* **AIM OF THE EXERCISE**
Transcribe word for word the lines below from the line with "3 Piece Lawn Suit-Embroidered (Unstitched)" through the line with "Alpargata de cuña", ends included.

DATA UNDER STUDY: Begin

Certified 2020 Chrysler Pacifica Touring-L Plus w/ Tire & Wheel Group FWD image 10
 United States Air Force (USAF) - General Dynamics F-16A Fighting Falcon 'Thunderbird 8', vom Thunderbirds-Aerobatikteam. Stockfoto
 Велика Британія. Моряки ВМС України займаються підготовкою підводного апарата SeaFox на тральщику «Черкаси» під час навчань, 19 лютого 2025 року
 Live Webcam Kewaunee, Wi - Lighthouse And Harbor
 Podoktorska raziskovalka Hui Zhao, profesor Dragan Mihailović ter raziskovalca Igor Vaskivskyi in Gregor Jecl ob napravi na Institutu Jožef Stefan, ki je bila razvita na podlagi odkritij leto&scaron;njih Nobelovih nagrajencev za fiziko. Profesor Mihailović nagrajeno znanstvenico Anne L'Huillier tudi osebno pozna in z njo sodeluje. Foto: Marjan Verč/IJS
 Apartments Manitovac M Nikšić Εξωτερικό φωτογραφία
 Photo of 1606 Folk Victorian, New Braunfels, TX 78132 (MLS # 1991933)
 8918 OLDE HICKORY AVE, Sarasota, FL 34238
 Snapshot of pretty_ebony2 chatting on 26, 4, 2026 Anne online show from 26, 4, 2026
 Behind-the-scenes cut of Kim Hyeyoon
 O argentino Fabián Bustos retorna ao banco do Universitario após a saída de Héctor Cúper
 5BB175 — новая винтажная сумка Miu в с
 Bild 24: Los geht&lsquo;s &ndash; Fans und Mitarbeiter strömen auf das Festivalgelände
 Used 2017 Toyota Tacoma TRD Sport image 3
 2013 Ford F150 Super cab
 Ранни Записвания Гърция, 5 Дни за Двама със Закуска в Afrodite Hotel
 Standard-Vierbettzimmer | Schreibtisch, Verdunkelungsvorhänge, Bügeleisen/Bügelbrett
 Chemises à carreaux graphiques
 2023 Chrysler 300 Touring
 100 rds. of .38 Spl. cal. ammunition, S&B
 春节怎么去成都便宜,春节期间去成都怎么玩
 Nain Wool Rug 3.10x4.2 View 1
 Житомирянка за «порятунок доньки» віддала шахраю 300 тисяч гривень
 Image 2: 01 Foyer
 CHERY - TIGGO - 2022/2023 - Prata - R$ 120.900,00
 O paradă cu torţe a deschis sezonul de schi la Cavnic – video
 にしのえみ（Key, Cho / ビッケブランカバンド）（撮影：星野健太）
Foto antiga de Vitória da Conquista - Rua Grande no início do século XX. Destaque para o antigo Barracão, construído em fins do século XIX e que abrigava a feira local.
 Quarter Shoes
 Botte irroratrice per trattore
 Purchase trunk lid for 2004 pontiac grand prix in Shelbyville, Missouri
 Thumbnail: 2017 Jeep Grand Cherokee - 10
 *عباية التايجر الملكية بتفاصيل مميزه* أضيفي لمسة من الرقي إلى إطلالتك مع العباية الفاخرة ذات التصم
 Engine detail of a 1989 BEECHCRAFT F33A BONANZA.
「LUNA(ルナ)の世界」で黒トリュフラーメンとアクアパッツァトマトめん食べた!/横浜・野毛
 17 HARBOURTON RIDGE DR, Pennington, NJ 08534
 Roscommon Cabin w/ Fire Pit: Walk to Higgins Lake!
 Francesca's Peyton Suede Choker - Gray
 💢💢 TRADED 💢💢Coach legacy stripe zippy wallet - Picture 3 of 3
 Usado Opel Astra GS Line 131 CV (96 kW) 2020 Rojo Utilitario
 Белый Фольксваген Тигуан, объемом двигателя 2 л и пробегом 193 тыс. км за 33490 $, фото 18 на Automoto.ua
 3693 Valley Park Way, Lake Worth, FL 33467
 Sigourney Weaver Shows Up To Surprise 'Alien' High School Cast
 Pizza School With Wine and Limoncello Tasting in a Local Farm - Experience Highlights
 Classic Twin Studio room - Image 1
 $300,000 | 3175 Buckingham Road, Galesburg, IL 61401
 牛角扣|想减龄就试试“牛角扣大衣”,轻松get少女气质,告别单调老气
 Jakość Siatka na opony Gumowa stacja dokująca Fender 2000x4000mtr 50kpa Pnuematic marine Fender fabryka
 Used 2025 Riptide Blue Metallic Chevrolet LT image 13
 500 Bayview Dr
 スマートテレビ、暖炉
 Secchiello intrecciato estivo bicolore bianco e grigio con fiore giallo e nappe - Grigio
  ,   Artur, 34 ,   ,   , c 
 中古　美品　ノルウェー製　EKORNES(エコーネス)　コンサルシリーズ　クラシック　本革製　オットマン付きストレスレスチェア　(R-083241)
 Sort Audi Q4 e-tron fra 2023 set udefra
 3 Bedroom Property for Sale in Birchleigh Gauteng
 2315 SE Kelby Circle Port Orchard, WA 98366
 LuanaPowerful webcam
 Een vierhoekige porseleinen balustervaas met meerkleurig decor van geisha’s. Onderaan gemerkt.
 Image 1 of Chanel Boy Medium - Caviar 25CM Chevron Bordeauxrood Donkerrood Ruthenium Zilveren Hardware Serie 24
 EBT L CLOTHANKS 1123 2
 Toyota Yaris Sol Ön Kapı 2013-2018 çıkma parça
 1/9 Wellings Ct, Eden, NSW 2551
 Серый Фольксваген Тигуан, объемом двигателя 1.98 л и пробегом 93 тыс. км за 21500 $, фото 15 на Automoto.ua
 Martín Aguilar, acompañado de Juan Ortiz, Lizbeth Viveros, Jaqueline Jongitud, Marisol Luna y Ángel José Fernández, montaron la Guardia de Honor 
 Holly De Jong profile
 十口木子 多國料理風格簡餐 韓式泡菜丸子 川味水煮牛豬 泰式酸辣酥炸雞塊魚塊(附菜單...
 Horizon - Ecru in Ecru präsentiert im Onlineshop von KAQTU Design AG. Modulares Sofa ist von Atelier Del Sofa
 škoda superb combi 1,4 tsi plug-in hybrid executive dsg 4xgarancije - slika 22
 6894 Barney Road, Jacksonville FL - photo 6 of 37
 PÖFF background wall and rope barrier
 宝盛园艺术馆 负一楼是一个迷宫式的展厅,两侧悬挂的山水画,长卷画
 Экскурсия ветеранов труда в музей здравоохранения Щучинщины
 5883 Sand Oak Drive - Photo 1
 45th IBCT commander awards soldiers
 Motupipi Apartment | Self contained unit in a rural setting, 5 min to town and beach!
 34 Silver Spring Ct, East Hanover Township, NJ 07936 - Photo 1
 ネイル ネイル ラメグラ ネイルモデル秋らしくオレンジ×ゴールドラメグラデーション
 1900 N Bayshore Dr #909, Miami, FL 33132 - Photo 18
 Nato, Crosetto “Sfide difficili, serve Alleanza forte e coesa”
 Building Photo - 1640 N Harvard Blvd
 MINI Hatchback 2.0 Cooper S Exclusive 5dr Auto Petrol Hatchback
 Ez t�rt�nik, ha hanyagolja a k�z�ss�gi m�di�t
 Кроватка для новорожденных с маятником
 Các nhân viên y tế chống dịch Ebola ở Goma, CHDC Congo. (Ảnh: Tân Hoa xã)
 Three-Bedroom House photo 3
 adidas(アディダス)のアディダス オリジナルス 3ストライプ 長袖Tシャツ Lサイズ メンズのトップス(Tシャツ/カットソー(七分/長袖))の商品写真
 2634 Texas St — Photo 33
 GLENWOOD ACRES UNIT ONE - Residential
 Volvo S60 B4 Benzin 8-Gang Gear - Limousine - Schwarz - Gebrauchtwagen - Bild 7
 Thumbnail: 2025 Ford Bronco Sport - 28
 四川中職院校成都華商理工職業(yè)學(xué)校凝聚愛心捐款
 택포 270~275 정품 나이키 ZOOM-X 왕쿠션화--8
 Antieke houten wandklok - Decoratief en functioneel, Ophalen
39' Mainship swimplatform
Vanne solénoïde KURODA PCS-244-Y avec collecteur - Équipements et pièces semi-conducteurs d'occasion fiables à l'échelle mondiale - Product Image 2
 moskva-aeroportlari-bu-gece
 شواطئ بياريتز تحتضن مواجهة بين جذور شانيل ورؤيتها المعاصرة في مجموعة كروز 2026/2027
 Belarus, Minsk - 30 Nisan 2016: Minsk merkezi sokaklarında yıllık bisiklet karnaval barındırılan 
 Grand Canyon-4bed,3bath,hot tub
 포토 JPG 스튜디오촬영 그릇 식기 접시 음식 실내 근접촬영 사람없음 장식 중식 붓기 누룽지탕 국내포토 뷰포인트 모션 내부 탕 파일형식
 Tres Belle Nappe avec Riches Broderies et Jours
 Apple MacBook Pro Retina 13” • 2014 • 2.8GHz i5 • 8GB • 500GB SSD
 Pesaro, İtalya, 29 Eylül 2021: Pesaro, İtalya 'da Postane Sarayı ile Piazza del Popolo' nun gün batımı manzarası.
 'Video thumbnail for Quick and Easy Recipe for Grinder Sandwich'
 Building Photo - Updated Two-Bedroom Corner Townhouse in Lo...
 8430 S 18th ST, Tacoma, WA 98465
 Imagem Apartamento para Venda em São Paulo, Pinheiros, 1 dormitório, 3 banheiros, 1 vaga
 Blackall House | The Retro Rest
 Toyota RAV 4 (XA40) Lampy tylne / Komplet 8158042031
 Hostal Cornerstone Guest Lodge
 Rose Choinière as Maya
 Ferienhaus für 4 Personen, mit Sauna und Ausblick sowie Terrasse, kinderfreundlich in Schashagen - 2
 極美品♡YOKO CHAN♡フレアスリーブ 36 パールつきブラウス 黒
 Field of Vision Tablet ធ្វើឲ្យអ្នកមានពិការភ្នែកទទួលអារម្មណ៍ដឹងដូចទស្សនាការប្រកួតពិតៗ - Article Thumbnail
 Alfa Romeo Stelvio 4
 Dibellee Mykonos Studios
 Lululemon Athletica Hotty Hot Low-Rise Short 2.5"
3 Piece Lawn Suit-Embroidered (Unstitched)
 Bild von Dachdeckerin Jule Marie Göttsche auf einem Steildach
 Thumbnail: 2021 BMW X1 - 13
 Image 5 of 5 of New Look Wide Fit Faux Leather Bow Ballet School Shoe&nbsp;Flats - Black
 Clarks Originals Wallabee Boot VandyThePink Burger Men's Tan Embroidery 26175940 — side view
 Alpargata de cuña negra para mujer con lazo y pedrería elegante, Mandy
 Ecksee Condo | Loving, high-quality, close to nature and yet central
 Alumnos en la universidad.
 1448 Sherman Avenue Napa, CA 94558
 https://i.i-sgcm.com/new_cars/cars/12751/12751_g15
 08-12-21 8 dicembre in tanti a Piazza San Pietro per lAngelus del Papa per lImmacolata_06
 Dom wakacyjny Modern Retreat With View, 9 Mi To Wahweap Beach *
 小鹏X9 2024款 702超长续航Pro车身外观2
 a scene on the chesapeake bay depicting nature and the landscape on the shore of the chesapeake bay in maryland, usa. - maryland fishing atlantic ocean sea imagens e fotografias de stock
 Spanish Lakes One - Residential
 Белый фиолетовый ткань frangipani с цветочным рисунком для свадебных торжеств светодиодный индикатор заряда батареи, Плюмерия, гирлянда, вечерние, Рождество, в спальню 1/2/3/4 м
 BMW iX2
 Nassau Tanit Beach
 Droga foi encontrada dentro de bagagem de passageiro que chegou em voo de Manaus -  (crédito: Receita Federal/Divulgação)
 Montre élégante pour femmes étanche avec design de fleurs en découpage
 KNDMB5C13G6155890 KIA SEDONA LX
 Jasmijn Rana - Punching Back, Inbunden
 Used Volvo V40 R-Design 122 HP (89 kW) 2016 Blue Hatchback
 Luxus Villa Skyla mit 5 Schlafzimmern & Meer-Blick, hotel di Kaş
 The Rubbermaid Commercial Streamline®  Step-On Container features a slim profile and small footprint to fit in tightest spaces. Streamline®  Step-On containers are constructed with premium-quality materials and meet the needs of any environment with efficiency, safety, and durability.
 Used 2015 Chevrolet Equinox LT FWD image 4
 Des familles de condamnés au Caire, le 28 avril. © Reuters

DATA UNDER STUDY: End

* **RESPONSE BOX**
3 Piece Lawn Suit-Embroidered (Unstitched)
 Bild von Dachdeckerin Jule Marie Göttsche auf einem Steildach
 Thumbnail: 2021 BMW X1 - 13
 Image 5 of 5 of New Look Wide Fit Faux Leather Bow Ballet School Shoe&nbsp;Flats - Black
 Clarks Originals Wallabee Boot VandyThePink Burger Men's Tan Embroidery 26175940 — side view
 Alpargata de cuña negra para mujer con lazo y pedrería elegante, Mandy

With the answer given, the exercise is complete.